===== DATA RECORDS
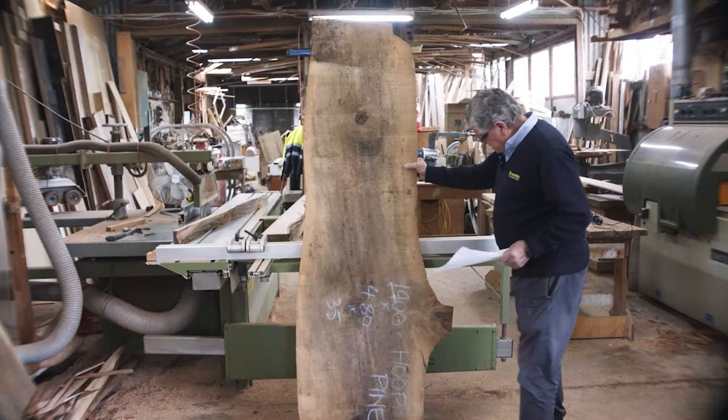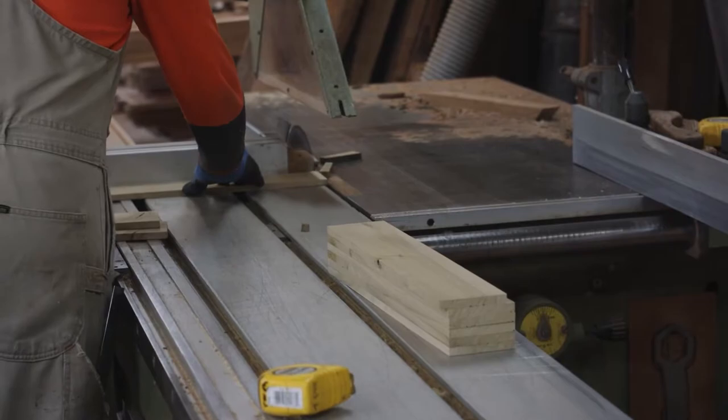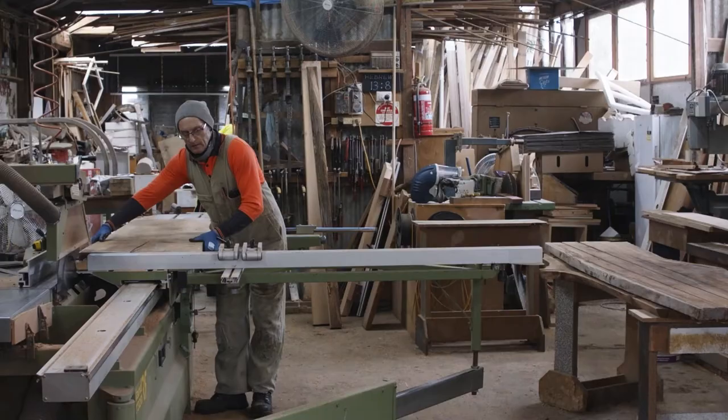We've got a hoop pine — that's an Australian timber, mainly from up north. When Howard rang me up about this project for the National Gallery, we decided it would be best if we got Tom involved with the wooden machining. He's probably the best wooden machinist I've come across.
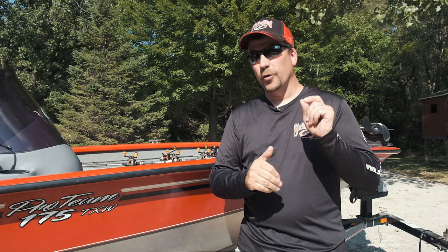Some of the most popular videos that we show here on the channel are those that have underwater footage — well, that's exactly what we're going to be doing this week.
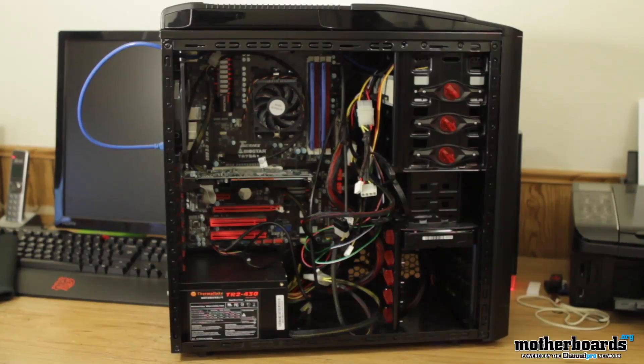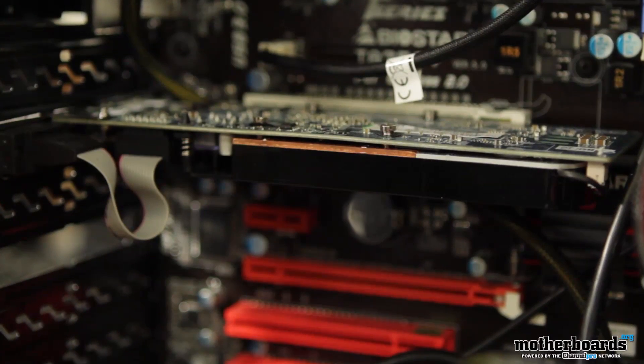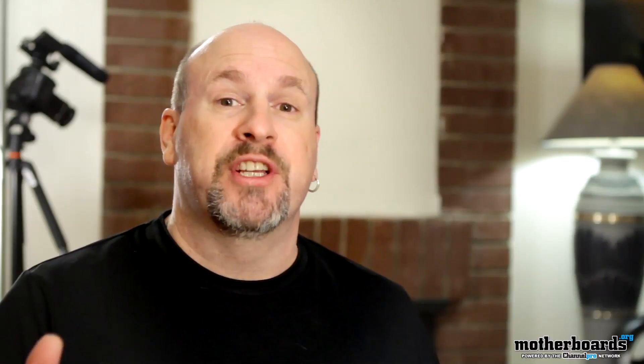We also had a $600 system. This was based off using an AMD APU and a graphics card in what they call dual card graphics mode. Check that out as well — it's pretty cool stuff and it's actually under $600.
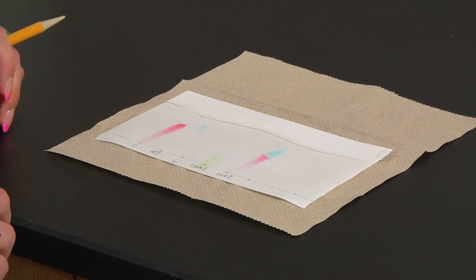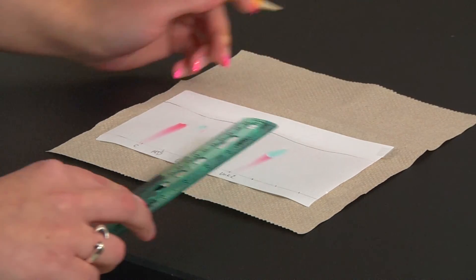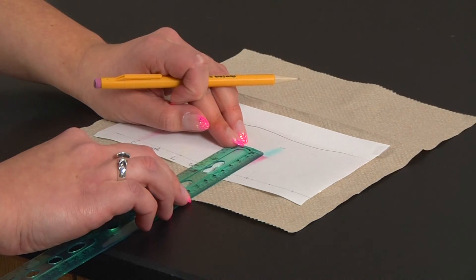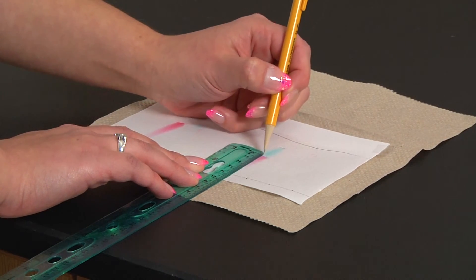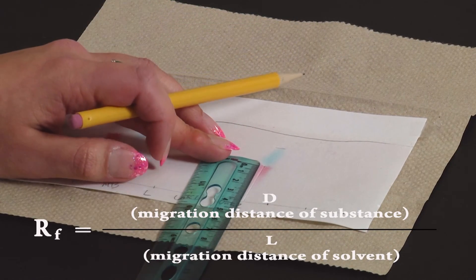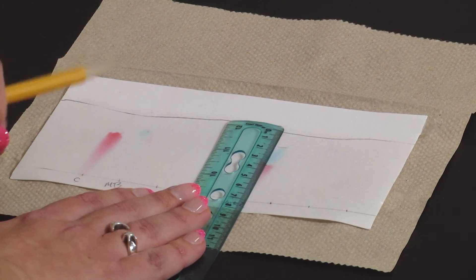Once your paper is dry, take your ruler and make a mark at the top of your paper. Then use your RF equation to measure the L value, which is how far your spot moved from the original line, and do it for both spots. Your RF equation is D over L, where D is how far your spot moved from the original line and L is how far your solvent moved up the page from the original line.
==========
===== DATA RECORDS
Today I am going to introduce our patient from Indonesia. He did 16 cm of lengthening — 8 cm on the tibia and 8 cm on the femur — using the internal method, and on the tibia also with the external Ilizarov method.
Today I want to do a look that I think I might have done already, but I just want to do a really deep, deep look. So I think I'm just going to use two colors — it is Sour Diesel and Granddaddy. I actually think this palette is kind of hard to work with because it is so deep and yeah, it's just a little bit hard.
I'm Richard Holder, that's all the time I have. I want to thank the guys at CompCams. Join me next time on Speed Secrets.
==========
===== DATA RECORDS
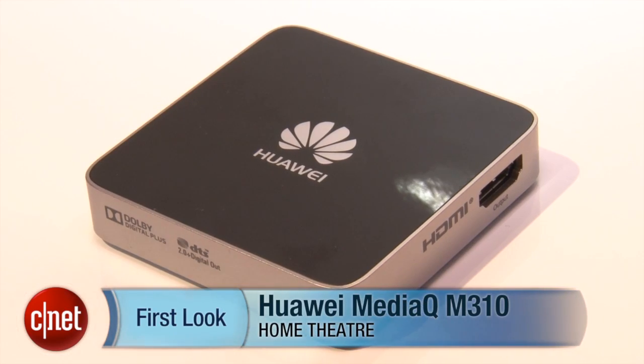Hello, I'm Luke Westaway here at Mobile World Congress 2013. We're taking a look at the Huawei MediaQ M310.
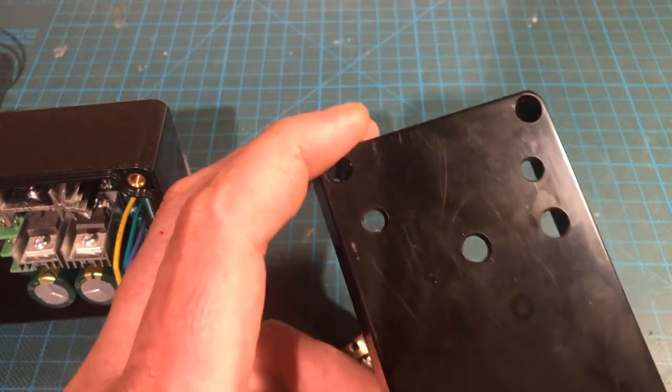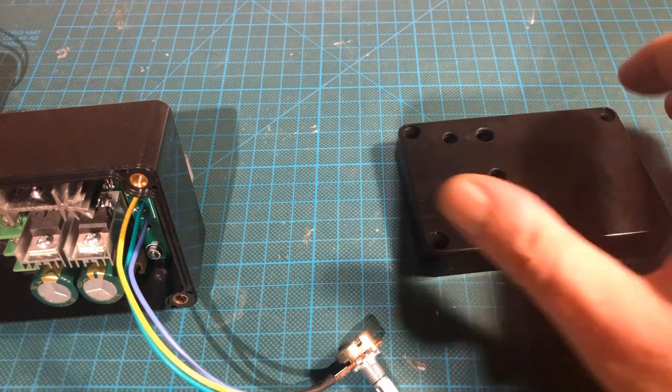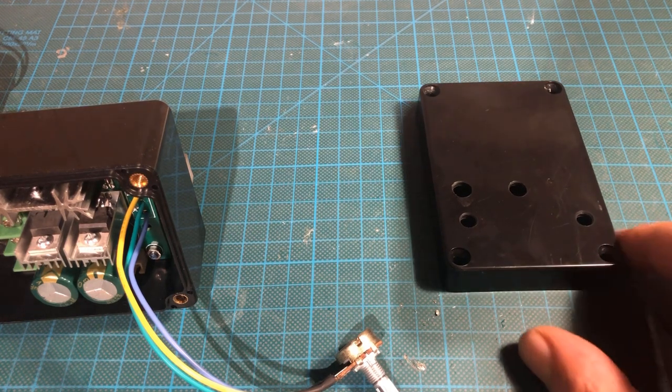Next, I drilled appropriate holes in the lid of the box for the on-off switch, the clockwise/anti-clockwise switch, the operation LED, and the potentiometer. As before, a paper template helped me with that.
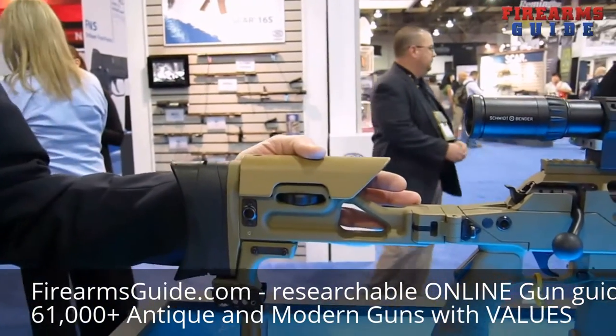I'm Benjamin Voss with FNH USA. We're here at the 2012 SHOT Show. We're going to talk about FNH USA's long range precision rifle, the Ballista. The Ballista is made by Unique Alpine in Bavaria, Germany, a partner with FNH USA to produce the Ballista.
==========
▶ **REQUIREMENT**
Copy nothing but the lines above that run from the one with "We've got a" to the one with "Once your paper", ends included; pictures stay out.

▶ **ANSWER SPACE**
We've got a hoop pine — that's an Australian timber, mainly from up north. When Howard rang me up about this project for the National Gallery, we decided it would be best if we got Tom involved with the wooden machining. He's probably the best wooden machinist I've come across.
Some of the most popular videos that we show here on the channel are those that have underwater footage — well, that's exactly what we're going to be doing this week.
We also had a $600 system. This was based off using an AMD APU and a graphics card in what they call dual card graphics mode. Check that out as well — it's pretty cool stuff and it's actually under $600.
Once your paper is dry, take your ruler and make a mark at the top of your paper. Then use your RF equation to measure the L value, which is how far your spot moved from the original line, and do it for both spots. Your RF equation is D over L, where D is how far your spot moved from the original line and L is how far your solvent moved up the page from the original line.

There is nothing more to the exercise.